### Source information
● ● ● ● ●

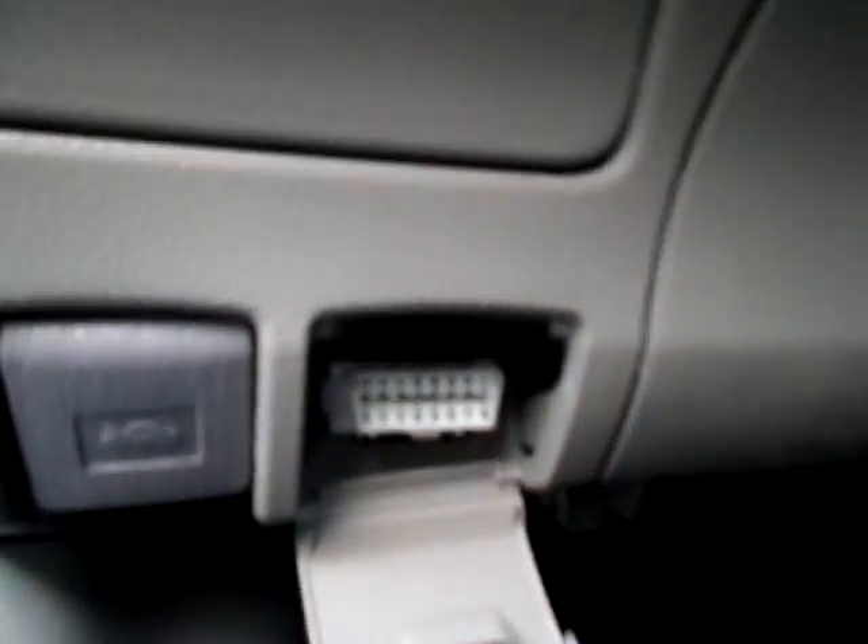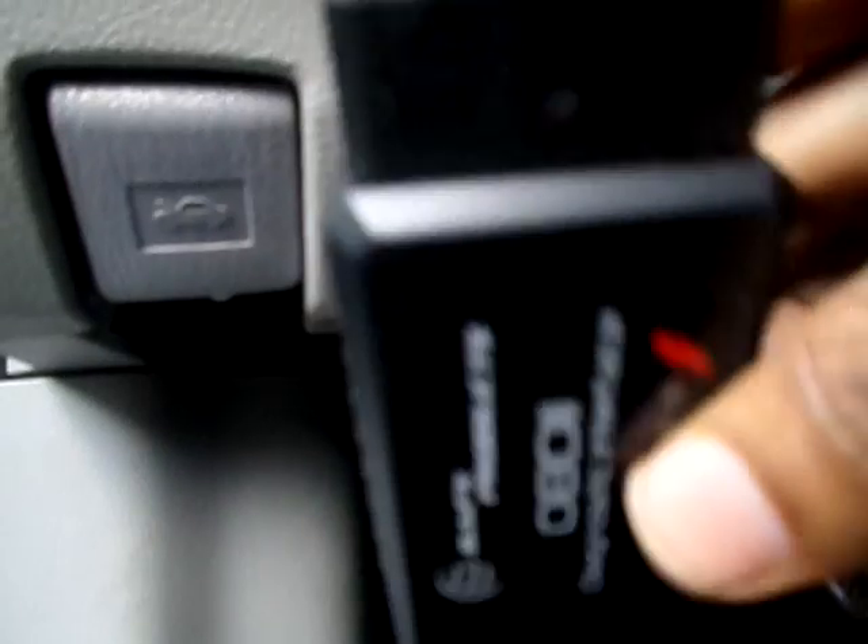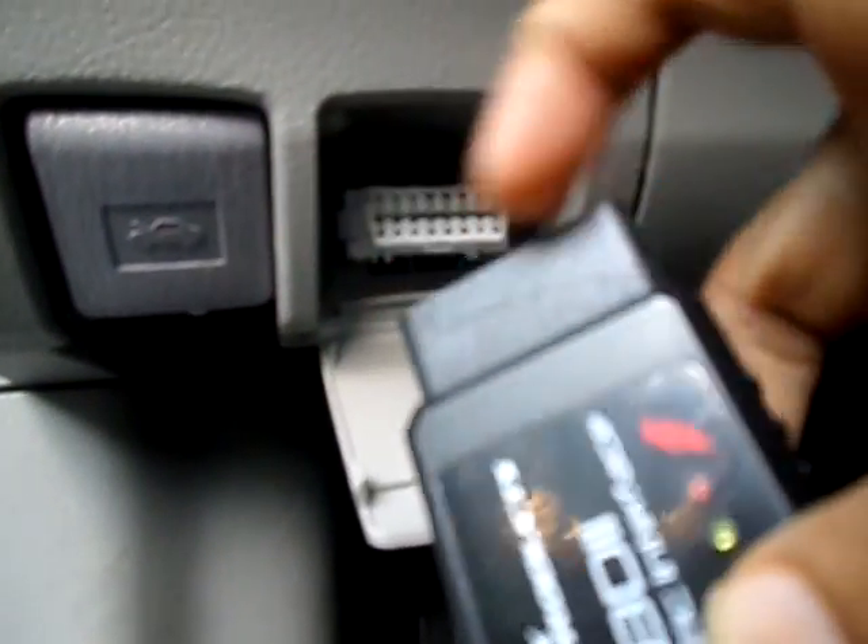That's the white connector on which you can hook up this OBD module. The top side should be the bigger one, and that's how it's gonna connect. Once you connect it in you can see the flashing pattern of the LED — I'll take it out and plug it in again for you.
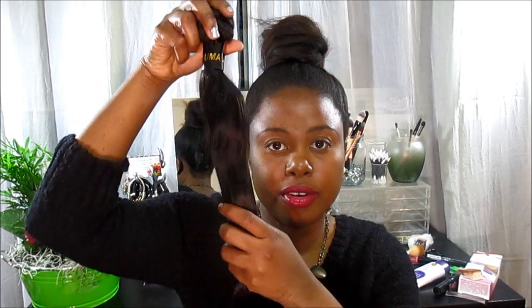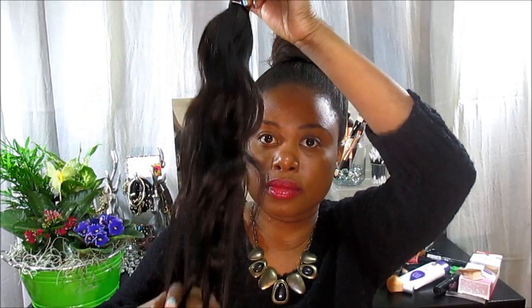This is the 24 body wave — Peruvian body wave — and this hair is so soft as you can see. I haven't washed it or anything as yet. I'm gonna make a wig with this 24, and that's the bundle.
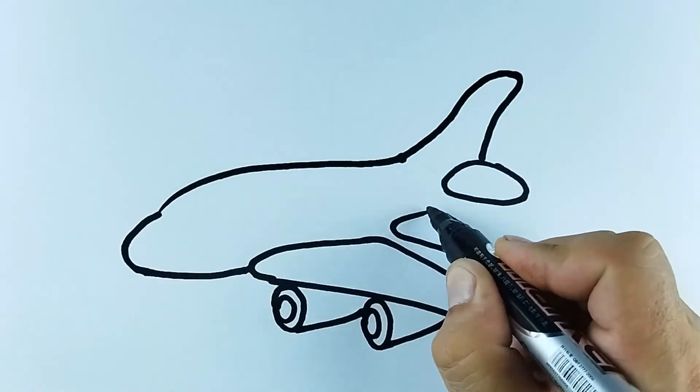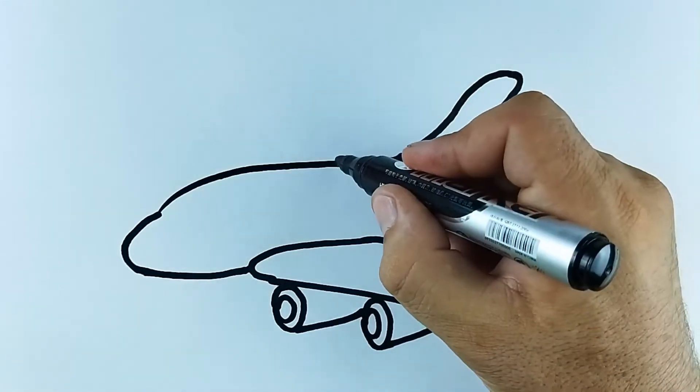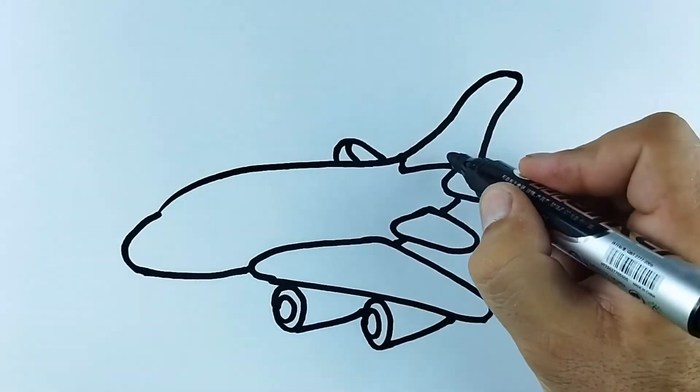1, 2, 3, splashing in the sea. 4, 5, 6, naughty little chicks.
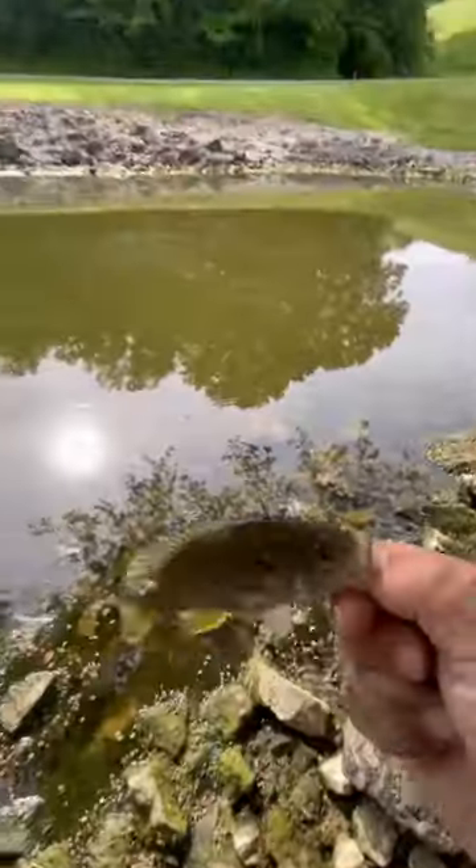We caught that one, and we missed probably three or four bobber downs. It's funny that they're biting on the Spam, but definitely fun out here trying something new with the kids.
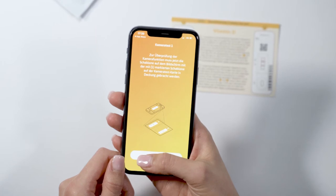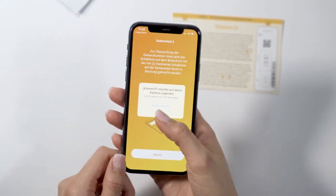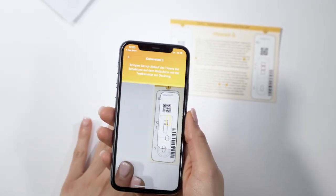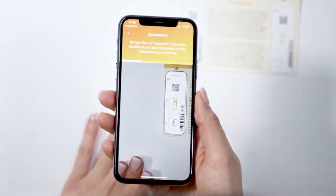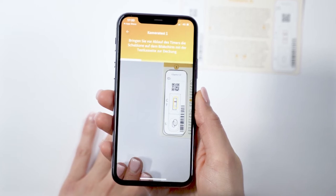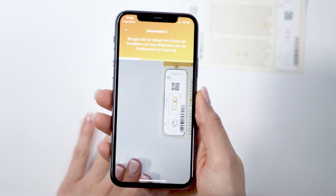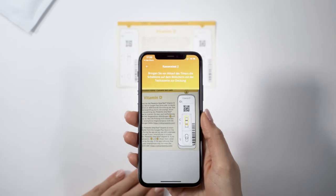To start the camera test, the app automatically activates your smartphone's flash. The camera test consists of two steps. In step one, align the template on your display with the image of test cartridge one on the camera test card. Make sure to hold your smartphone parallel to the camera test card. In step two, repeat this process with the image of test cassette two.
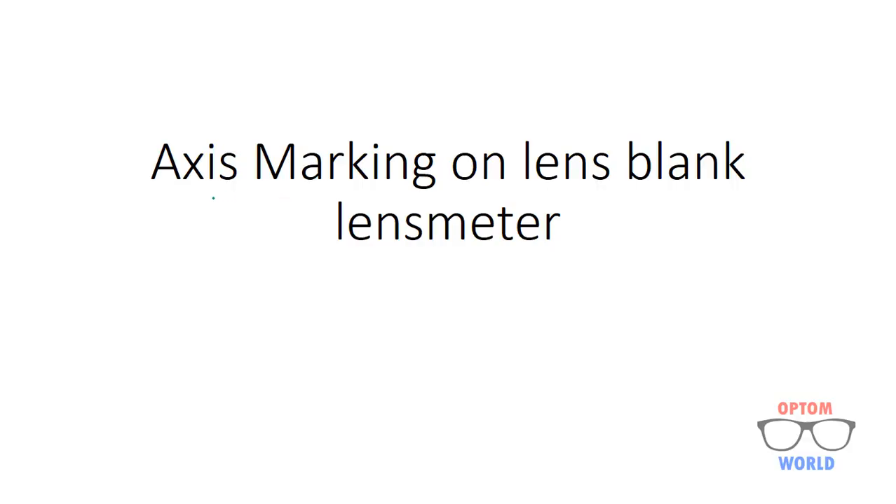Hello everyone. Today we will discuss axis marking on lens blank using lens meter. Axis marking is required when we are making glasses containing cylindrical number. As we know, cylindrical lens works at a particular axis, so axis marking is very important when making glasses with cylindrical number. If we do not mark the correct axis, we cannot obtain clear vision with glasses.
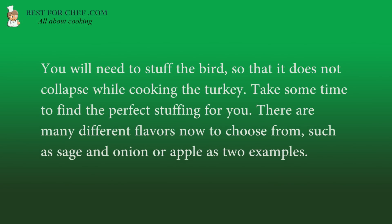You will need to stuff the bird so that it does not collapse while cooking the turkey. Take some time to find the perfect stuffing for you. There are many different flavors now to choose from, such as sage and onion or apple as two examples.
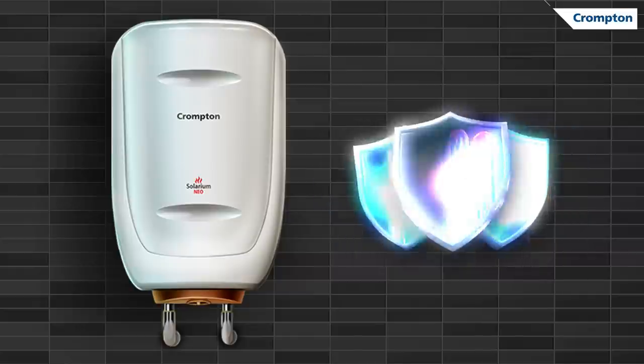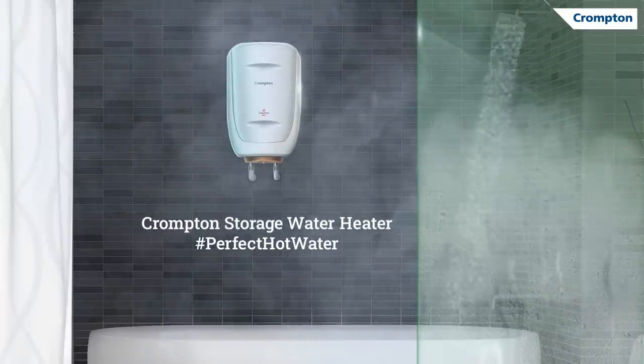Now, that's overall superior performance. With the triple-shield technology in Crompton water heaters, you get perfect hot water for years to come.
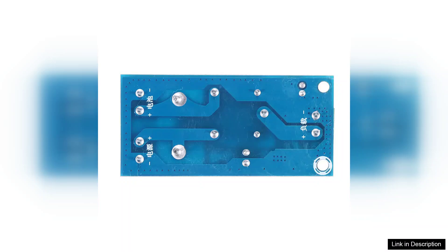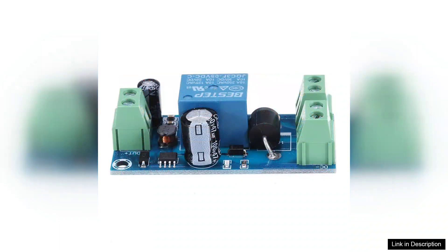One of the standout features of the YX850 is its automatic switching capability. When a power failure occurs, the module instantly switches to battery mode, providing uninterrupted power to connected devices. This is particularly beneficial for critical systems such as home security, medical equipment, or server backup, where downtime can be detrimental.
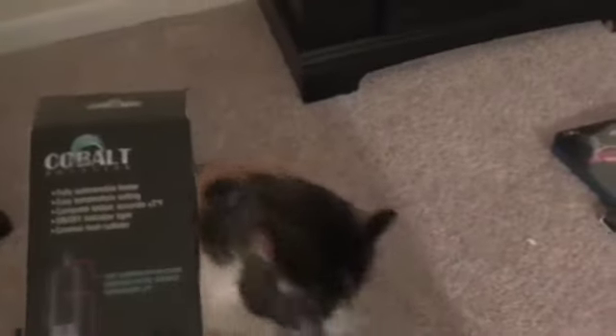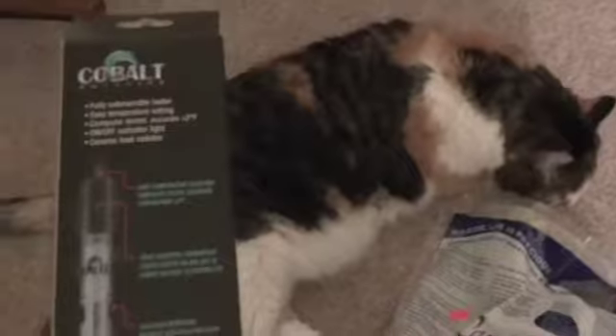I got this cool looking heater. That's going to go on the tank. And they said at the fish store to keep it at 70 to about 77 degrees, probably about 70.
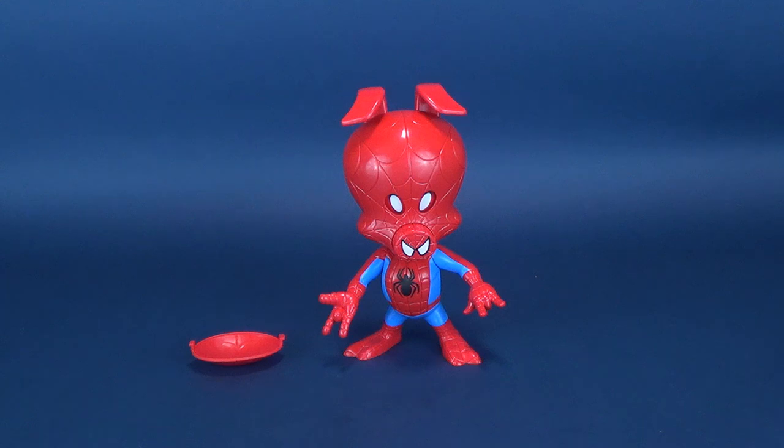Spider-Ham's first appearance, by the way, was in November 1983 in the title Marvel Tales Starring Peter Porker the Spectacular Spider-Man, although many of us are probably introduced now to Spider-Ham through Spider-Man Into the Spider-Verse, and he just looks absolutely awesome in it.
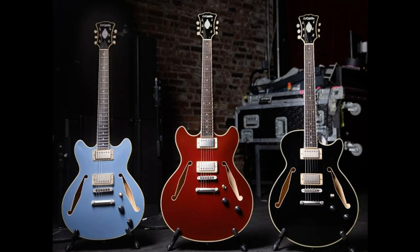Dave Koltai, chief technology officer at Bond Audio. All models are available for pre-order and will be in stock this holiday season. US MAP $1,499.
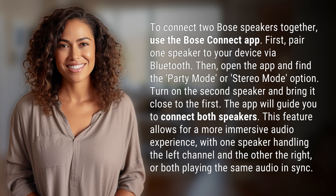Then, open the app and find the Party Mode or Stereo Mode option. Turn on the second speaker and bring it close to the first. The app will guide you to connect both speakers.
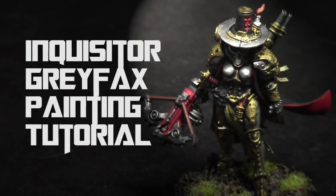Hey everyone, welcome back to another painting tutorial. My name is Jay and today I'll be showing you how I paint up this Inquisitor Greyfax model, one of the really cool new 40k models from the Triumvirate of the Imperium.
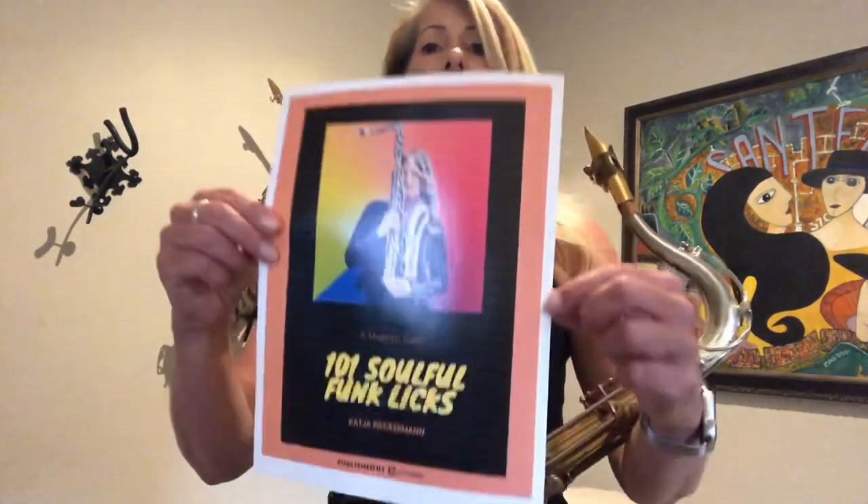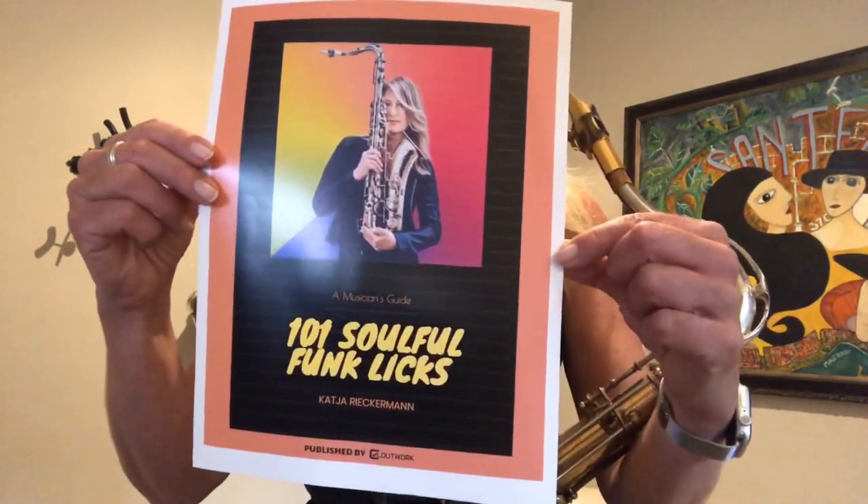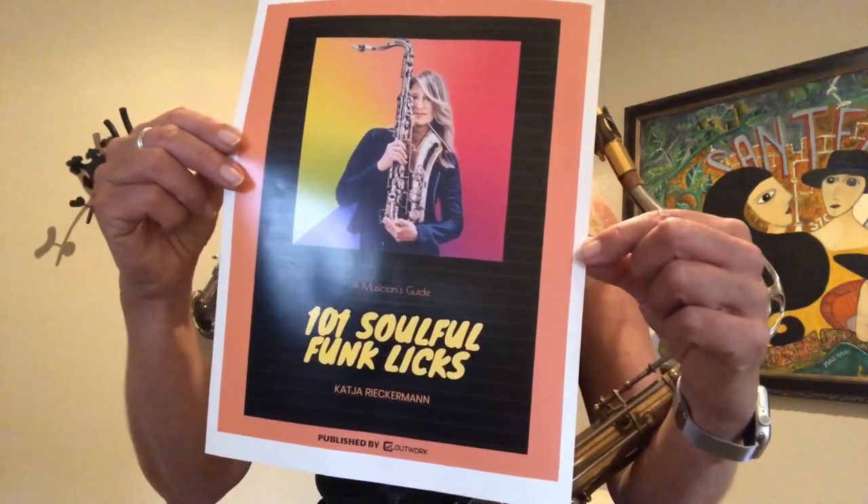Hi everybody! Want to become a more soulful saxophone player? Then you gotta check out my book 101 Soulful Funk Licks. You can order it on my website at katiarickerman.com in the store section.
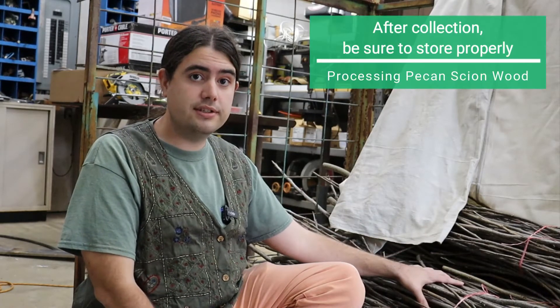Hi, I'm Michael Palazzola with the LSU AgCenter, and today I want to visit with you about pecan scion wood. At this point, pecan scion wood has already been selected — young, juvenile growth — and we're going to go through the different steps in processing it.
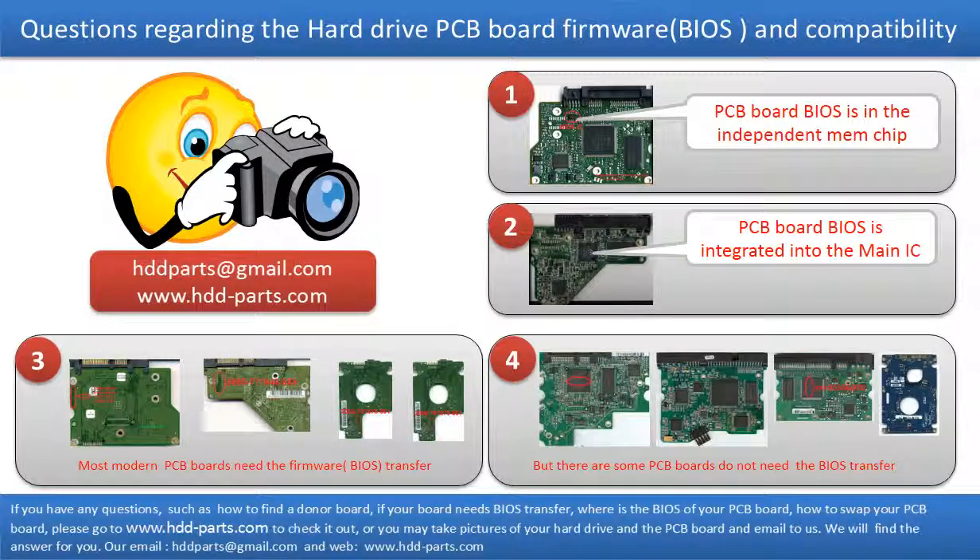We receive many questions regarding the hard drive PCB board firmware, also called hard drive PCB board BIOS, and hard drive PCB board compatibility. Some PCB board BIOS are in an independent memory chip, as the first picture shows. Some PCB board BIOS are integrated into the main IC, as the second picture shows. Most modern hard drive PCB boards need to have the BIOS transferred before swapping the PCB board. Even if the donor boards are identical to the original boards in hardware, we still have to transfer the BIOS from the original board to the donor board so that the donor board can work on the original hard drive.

● ● ● ● ●

### Task brief
Repeat exactly the lines from the one containing "Hey everyone, welcome" to the last line of the records above, including both, and leave out any pictures.

### Output for this task
Hey everyone, welcome back to another painting tutorial. My name is Jay and today I'll be showing you how I paint up this Inquisitor Greyfax model, one of the really cool new 40k models from the Triumvirate of the Imperium.
Hi everybody! Want to become a more soulful saxophone player? Then you gotta check out my book 101 Soulful Funk Licks. You can order it on my website at katiarickerman.com in the store section.
Hi, I'm Michael Palazzola with the LSU AgCenter, and today I want to visit with you about pecan scion wood. At this point, pecan scion wood has already been selected — young, juvenile growth — and we're going to go through the different steps in processing it.
We receive many questions regarding the hard drive PCB board firmware, also called hard drive PCB board BIOS, and hard drive PCB board compatibility. Some PCB board BIOS are in an independent memory chip, as the first picture shows. Some PCB board BIOS are integrated into the main IC, as the second picture shows. Most modern hard drive PCB boards need to have the BIOS transferred before swapping the PCB board. Even if the donor boards are identical to the original boards in hardware, we still have to transfer the BIOS from the original board to the donor board so that the donor board can work on the original hard drive.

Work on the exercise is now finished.